The fresh panic surrounds a quote from the physicist’s new book (which we will not link to or promote in this post). He claims that the Large Hadron Collider could reduce the planet to a mass of hot matter the size of a football stadium, suck the planet into a black hole, yadda yadda.

Though a respected astrophysicist, Rees is not affiliated with CERN and has a history of making these unsupported claims.

British red-top tabloids, which are often not terribly reputable, went wild with the story. Google News, which treats these publications as trustworthy sources for some reason, featured it to readers who might not know better.

The Large Hadron Collider is humanity’s largest physics experiment, a 26km-round ring in Geneva, Switzerland. It collides protons in order to achieve the high energies required to search for theorised new particles. It also collides atomic nuclei in order to study the behaviour of quarks, the constituent parts of protons and neutrons.

One physicist I spoke with today was not surprised when I sent her one of these articles, and explained that the thinking is all wrong.

“What Prof Rees proposes is effectively impossible and already excluded by the previous generation of accelerators and the LHC itself. The particles he predicts would be more likely to be produced at lower energies than high energies,” Freya Blekman, physicist from the Vrije Universiteit Brussel who works on the LHC, told Gizmodo.

By “more likely”, we’re still referring to the difference between essentially impossible and impossible. But every time the experiment gets an upgrade, it decreases the chance to even more impossible.

These energies are high by particle standards — the proton normally weighs approximately 1 giga electron-volt (energies and masses are equivalent in particle physics). The Higgs boson weighs approximately 125 times that. The protons in the LHC have masses, and therefore energies, several thousand times that. But when you think about it on human scales, we’re talking about particles with the energy, approximately, of flying bees.

Additionally, these collisions, while resulting the highest energies ever produced by humans on Earth, pale in comparison to some of the incredible astrophysical events the Earth is subject to. Cosmic rays with a billion times more energy than the beams from the LHC have been observed slamming into our planet, and yet we remain on an Earth that is not a steaming pile of strange matter or inside of a black hole.

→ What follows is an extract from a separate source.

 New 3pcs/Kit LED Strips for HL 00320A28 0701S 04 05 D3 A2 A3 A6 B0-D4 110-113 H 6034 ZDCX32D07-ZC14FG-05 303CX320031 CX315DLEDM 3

“Since the Earth hasn’t disappeared after billions of years of being bombarded by these cosmic rays, we are confident that the LHC, which produces particle collisions in a more controlled environment, will not cause this either,” Clara Nellist, an LHC physicist who works on the ATLAS experiment, told Gizmodo.

The Large Hadron Collider has a safety committee that ensures its experiment doesn’t harm the planet through strangelets, black holes, vacuum bubbles or whatever else you’re worried about.

And if a black hole were to somehow present itself, it would almost instantly decay through a process called Hawking Radiation. Hawking famously theorised that black holes lose mass through quantum mechanical weirdness occurring right near their surfaces. A black hole as small as one that could possibly be created in a particle collision would exist for almost no time at all.

I promise that, while physicists really care about their research, the vast majority don’t care enough to end life on Earth in their pursuit of knowledge. Plus, there are plenty of ways humans are actually threatening life on this planet, right now, and those aren’t just fantasy.